## WHAT THE TASK REQUIRES
Beginning with the first line below, retype exactly each line through the one containing "QR code for TIV856". Leave out all pictures.

--- DATA FOR ANALYSIS Enclosed Below ---

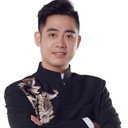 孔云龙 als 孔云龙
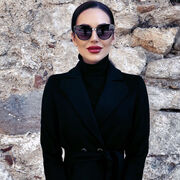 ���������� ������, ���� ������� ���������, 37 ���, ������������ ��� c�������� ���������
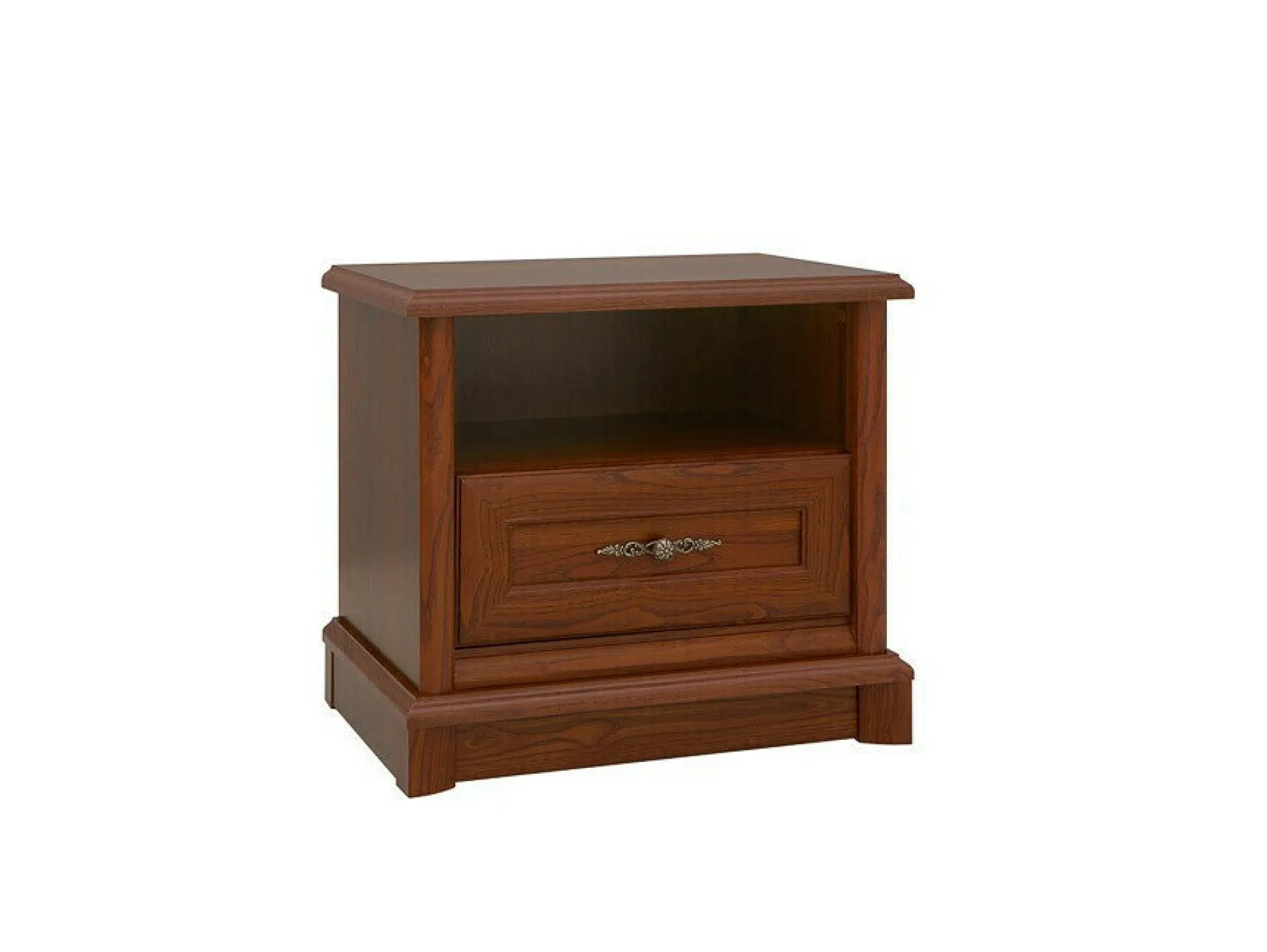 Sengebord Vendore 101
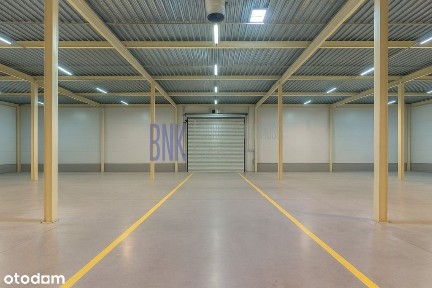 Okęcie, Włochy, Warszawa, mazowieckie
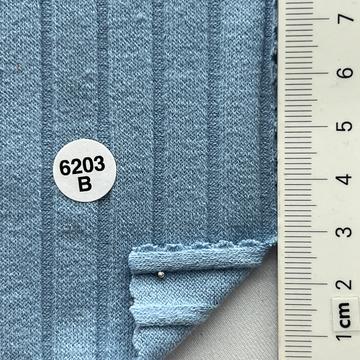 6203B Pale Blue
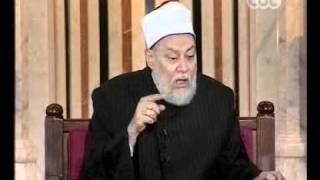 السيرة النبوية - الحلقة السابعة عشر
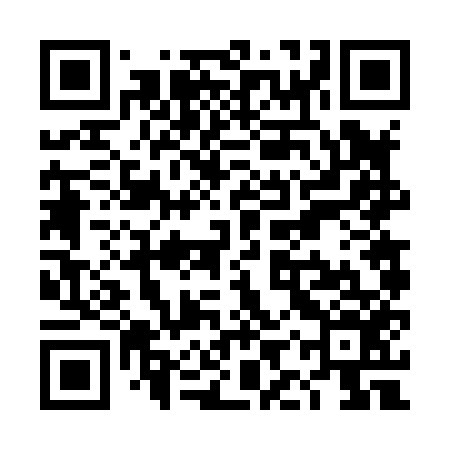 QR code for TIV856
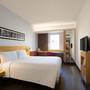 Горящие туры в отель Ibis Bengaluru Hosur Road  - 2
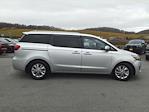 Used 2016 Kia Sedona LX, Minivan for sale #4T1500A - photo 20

--- End of Enclosed DATA FOR ANALYSIS ---

## COMPLETED EXERCISE
 孔云龙 als 孔云龙
 ���������� ������, ���� ������� ���������, 37 ���, ������������ ��� c�������� ���������
 Sengebord Vendore 101
 Okęcie, Włochy, Warszawa, mazowieckie
 6203B Pale Blue
 السيرة النبوية - الحلقة السابعة عشر
 QR code for TIV856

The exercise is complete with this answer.